**Task directions**. Copy out again, unchanged, the listing below from the line that has "Pánske jeansové nohavice S1567 #1" through the line that has "Rummy Best screenshot 1".
** Entries provided follows **
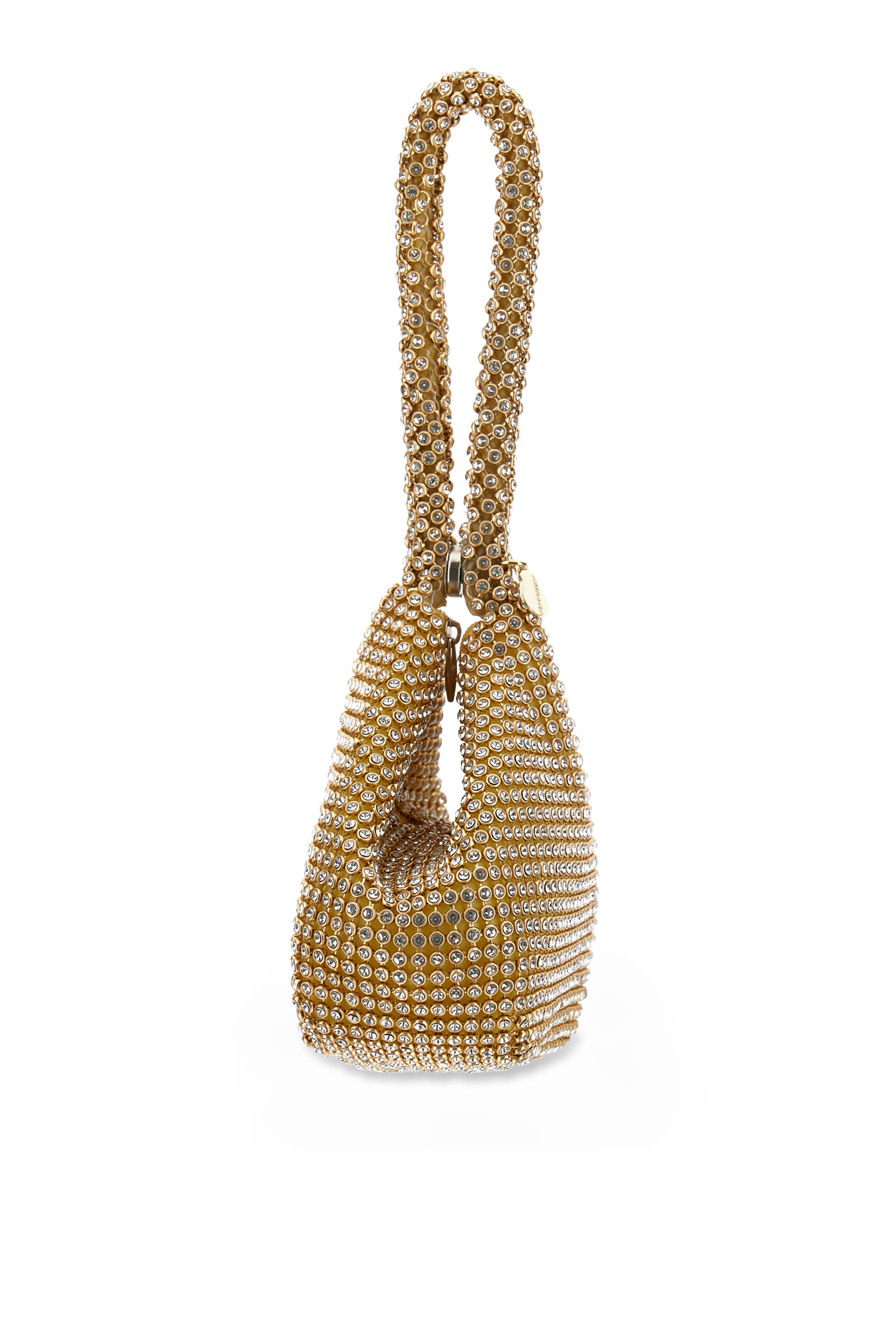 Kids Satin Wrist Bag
** End of Entries provided **
** Entries provided follows **
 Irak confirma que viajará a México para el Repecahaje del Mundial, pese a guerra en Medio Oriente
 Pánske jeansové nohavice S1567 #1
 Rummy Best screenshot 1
** End of Entries provided **
**Response box**.
 Pánske jeansové nohavice S1567 #1
 Rummy Best screenshot 1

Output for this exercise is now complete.